File name with brackets into it

Jun 5, 2009 at 2:21 PM

ImapMessageBodyPart Constructor is raising "Invalid format could not parse body part headers." error because the attached file name has brackets "()" into it, I have attached the data below.

("application" "pdf" ("name" "This is testing with (word).pdf") NIL "This is testing with (word).pdf" "base64" 433238 NIL ("attachment" ("filename" "This is testing with (word).pdf" "size" "316659" "creation-date" "Fri, 05 Jun 2009 19:26:46 GMT" "modification-date" "Fri, 05 Jun 2009 19:26:46 GMT")) NIL NIL)

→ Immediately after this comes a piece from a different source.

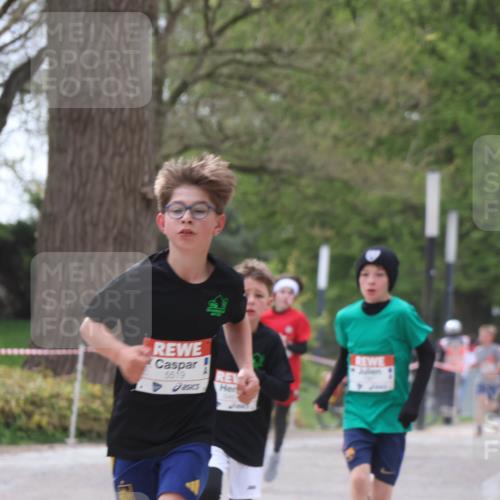 25.04.2026 - Das Zehntel Zöllner http://msf.ph/oto/9582952 25.04.2026 10:37:31 Laufen 5519 meine-sportfotos.de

Looks like we need to do some modifications in "attachment" regex

Can you please help me with the same.

Thanks
Ajay Sawant

Jun 16, 2009 at 9:23 AM

I have encountered the same problem.

For now, I have use this regex

^\\((?(\"[^\"]*\"|NIL))\\s(?(\"[^\"]*\"|NIL))\\s(?(?>\\((?)|\\)(?<-LEVEL>)|(?!\\(|\\)).)+(?(LEVEL)(?!))|NIL)\\s(?(\"[^\"]*\"|NIL))\\s(?(\"[^\"]*\"|NIL))\\s(?(\"[^\"]*\"|NIL))\\s(?(\\d+|NIL))\\s((?(.*))\\s|)(?(\"[^\"]*\"|NIL))\\s(?((?>\\((?)|\\)(?<-LEVEL>)|(?!\\(|\\)).)+(?(LEVEL)(?!))|NIL))\\s(?(\"[^\"]*\"|NIL))\\)$
But it work only if there is both open and close brackets (ex. "This is testing with (word.pdf" don't match)
The same problem are present in the attachment section (I have copy the regex rule from there)
Any RegEX guru that lead us to the right way? :P
Jun 22, 2009 at 6:48 PM
Edited Jun 22, 2009 at 6:49 PM

After some regex studying... 

string attachment = "^\\((?<type>(\"[^\"]*\"|NIL))\\s(?<subtype>(\"[^\"]*\"|NIL))\\s(?<attr>(\\(.*?\\)|NIL))\\s(?<id>(\"[^\"]*\"|NIL))\\s(?<desc>(\"[^\"]*\"|NIL))\\s(?<encoding>(\"[^\"]*\"|NIL))\\s(?<size>(\\d+|NIL))\\s((?<data>(.*))\\s|)(?<lines>(\"[^\"]*\"|NIL))\\s(?<disposition>(\\(.*?\\)|NIL))\\s(?<lang>(\"[^\"]*\"|NIL))\\)$";

This time it work in any case. 

Sep 24, 2009 at 9:35 AM
Edited Sep 24, 2009 at 9:36 AM

This must be better, 'cause your expression do not match for this: "(\"text\" \"plain\" (\"charset\" \"koi8-r\") NIL NIL \"quoted-printable\" 3511 93 NIL NIL \"en-US\" NIL)";

string attachment = "^\\((?<type>(\"[^\"]*\"|NIL))\\s(?<subtype>(\"[^\"]*\"|NIL))\\s(?<attr>(\\(.*?\\)|NIL))\\s(?<id>(\"[^\"]*\"|NIL))\\s(?<desc>(\"[^\"]*\"|NIL))\\s(?<encoding>(\"[^\"]*\"|NIL))\\s(?<size>(\\d+|NIL))\\s((?<data>(.*))\\s|)(?<lines>(\"[^\"]*\"|NIL))\\s(?<disposition>((?>\\((?<LEVEL>)|\\)(?<-LEVEL>)|(?!\\(|\\)).)+(?(LEVEL)(?!))|NIL))\\s(?<lang>(\"[^\"]*\"|NIL))\\)$"

Oct 28, 2009 at 6:15 PM

I am having this same issue. Is there any consensus on what the updated regex should be? I don't have the time to try to comprehend the regexes from the last two posts. Could someone give a breakdown of the differences.

 

@mavex83 said that the following worked in any case:

^\\((?<type>(\"[^\"]*\"|NIL))\\s(?<subtype>(\"[^\"]*\"|NIL))\\s(?<attr>(\\(.*?\\)|NIL))\\s(?<id>(\"[^\"]*\"|NIL))\\s(?<desc>(\"[^\"]*\"|NIL))\\s(?<encoding>(\"[^\"]*\"|NIL))\\s(?<size>(\\d+|NIL))\\s((?<data>(.*))\\s|)(?<lines>(\"[^\"]*\"|NIL))\\s(?<disposition>(\\(.*?\\)|NIL))\\s(?<lang>(\"[^\"]*\"|NIL))\\)$"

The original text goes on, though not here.